*SUPPLIED MATERIAL*
____

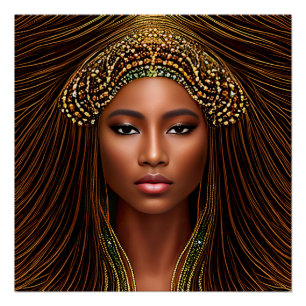 Poster La beauté africaine de Regal : célébrer l'histoire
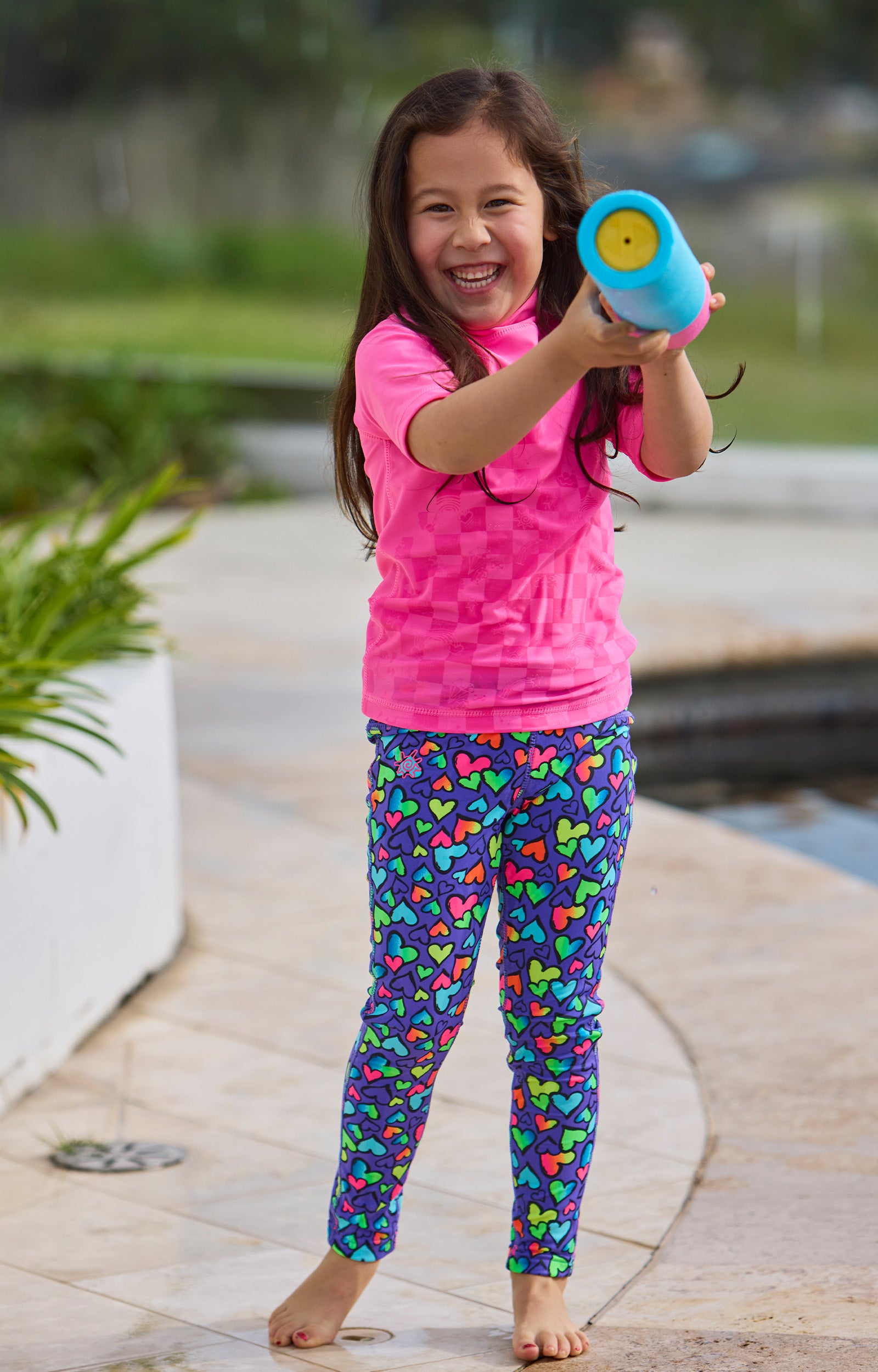 Kid's Neon Short Sleeve Sun & Swim Shirt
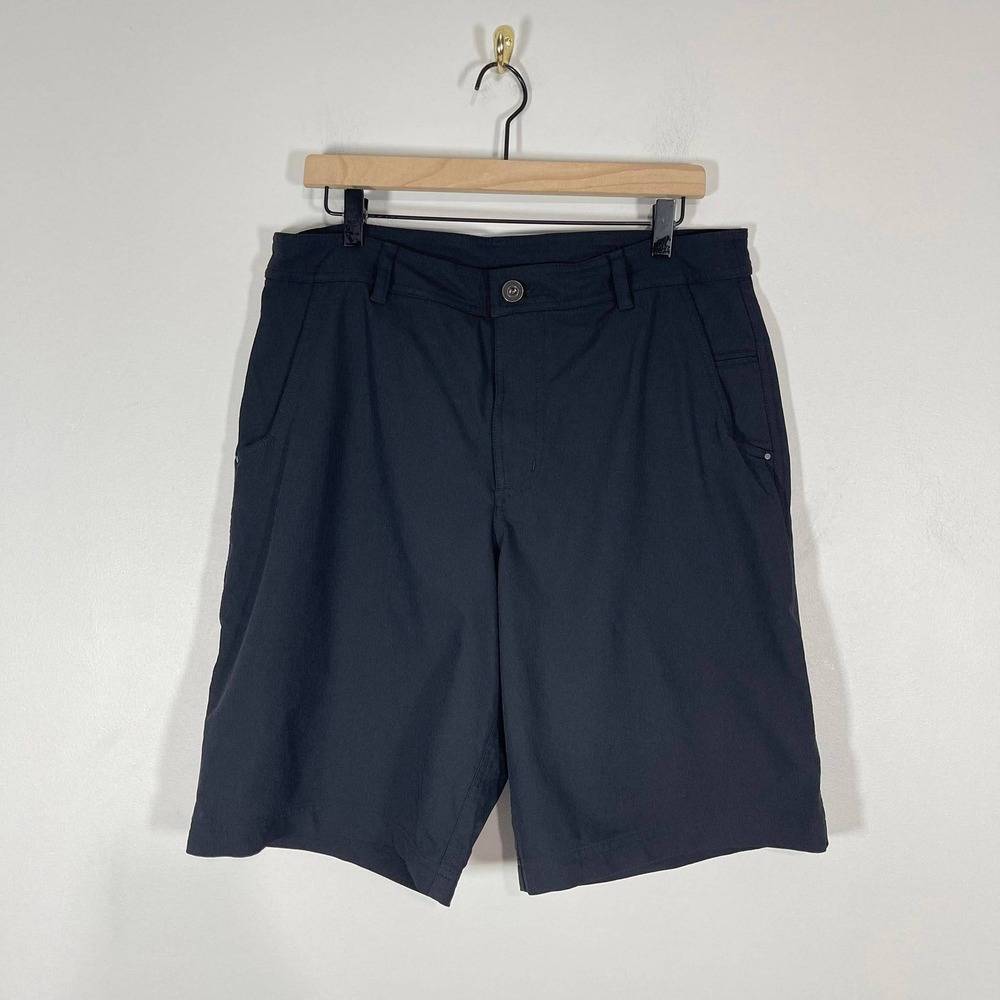Lululemon Kahuna Shorts Mens 36 Black Golf Chino Flat Front Performance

____

*TASK STATEMENT*
Once the pictures are removed, print all the remaining data exactly as it stands.

*RESULT*
 Poster La beauté africaine de Regal : célébrer l'histoire
 Kid's Neon Short Sleeve Sun & Swim Shirt
Lululemon Kahuna Shorts Mens 36 Black Golf Chino Flat Front Performance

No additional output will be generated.